Today with micro-transactions you are paying again for a game you already own. When I was a kid buying a new computer game was a big deal. I still remember vividly the day I saw the box for Monkey Island 2 and, it being about 6 weeks away, I starting dropping hints for my birthday that year. Back then, really good PC games were few and far between. Consoles were where the games seemed to go, be it a Nintendo games console or a Sega Master System, if you wanted to play games you were expected to go for a dedicated machine. In our house though the idea of having this device just for games was not an option, so, having already installed a PC in the house, we were encouraged to use this if we really wanted computer games.
There was one common theme though. You bought it, it was yours. Online gaming was still a while away, and the closest you got to having to pay again for a game was the shareware model. At the time, for example, if you went to a video game store you could buy the first episode of the original Wolfenstein 3D (btw you can play it online at this link) for about £6.99. This got you the first 10 levels or so and if you liked the game you could then purchase the next 2 episodes for about £25. This was clever and is a technique that has continued to this day in games released in episodic form. At the time there’s no way as a kid I would have been able to fork out 25-30 pounds in one go, but £6.99 I could probably save up for quite quickly.

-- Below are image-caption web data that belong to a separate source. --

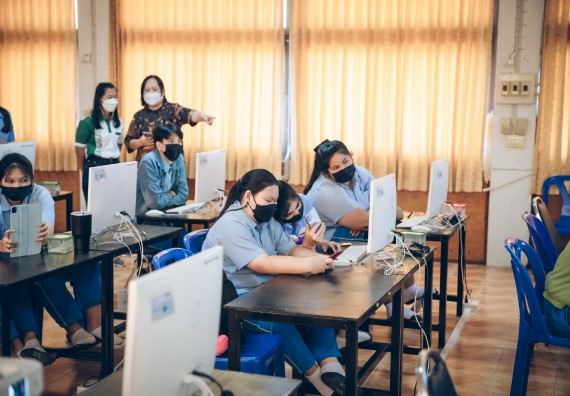 ภาพกิจกรรม  คณะวิทยาศาสตร์และเทคโนโลยี จัดค่ายวิทยาศาสตร์สัญจรโรงเรียนคลองลานวิทยา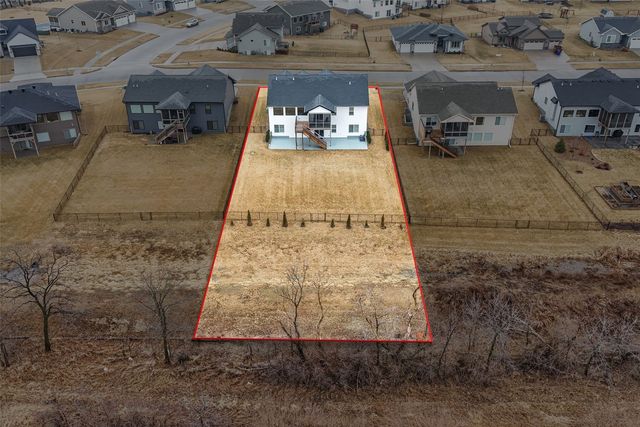 306 Dogwood Lane, Tiffin, IA 52340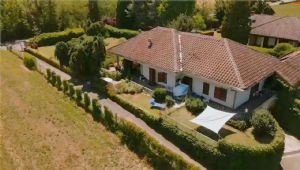 Villa indipendente a pochi minuti dalla città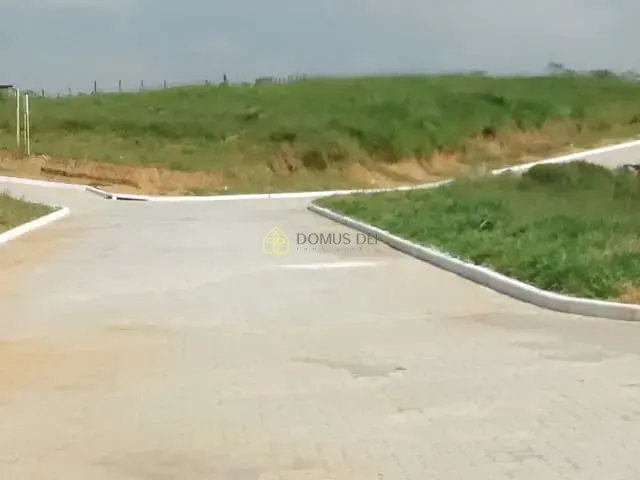 Terreno com 360m², à venda, no bairro Loteamento Terras Nobres em Quatis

Okay, so in hindsight the idea of micro-transactions isn’t a unique thing and probably has its origins in this model. The reason it worked though was that PC gaming wasn’t as big and, like most people I couldn’t justify a large money purchase for a game that would crash my system or take a half a day to reconfigure the config.sys file on my machine. Today though there is a new theme with games, that of micro-transactions within the game or as add-ons to the program.

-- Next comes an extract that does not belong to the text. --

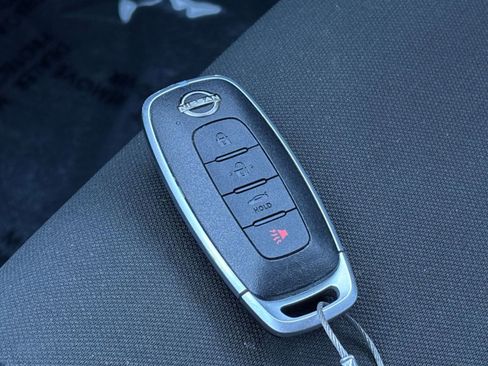 Used 2025 Nissan Versa SV FWD image 21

If you’re not a gamer this may seem a bit strange, but the idea is that you purchase a game from a big development house, and you have 2 ways to progress in the game; either you can play for hours and hours slogging away to build up points and achievements, or, if you are playing a game with the option for purchasing content, you can pay to get certain items and achievements. Bare in mind that you have still spent anywhere between €30 to €80 to purchase the base game in the first place, but now you can be asked to spend 99c here and there in order to make your playing ‘a better experience’.
Development houses have made a simple argument about these in-game purchases; unlike games in the past which they wrote, created and sold and that was the end of it, games today are updated, improved and added to over time and these additional sources of revenue help for this on going development. This leads me to 2 obvious problems. Firstly there have been instances of developers releasing a buggy game at full price and using this as an excuse to push out patches and fixes at a later stage, and secondly it means that people who have the money can progress more easily in the game and others might feel the need to spend their cash to do the same.
These micro-transactions seem like tiny amounts, but soon enough they add up. We’ve heard horror stories of people getting bills for hundreds and even thousands of Dollars or Euro because their kids got a hold of their iPad, went nuts on Candy-Crush and figured out how to use the pre-stored credit card details to buy additional achievements. Each click of the mouse, or tap of the screen which costs you a Euro or whatever can soon spiral out of control and end up with a big bill.
How bad can this issue be you ask? We’ll take the just released Star Wars: Battlefront II game which has been hugely hyped over the last few months and anticipated by Star Wars fans and gamers alike. The game was released to a selected group of consumers in advance of the global launch and instantly developers EA games & Dice were hit with criticisms. The deluxe edition of the game retailed at €80 and was their flagship as it offered pre-upgraded and enhanced characters promising a leg up on the game play. Or you could buy the standard version for about €45. Gamers excitedly installed and got up and running only to find that certain characters, particularly fan favorites like Darth Vader we’re not playable out of the box and the game expected you to play for 40 hours plus, or pay to access these avatars.
Not a good experience for people and they have quickly rolled back on this in advance of the game going live everywhere. And in case you’re wondering if this is limited to PC or mobile, this is now getting to be pretty standard across all consoles and with a lot of games. The bigger issue I have is that if you can pay to skip building up the achievements and skip ahead with these purchases, is the game any fun to play any more? Knowing that there is a quick short cut to get ahead and if you have this knowledge is hanging over you all the time, how long before you’re tempted to use the easy way out?
It’s an interesting fact that playing games has been proven to release certain chemicals associated with joy and pleasure in many gamers, and so too has the act of spending money, so I wonder if the developers are actively counting on these facts to give you an artificial high by playing and buying. Casino’s and online gambling is strictly regulated in many countries, and yet these in-game purchases have all the hallmarks of addiction, gaming and artificial senses of achievement, so is this the next industry to see scrutiny?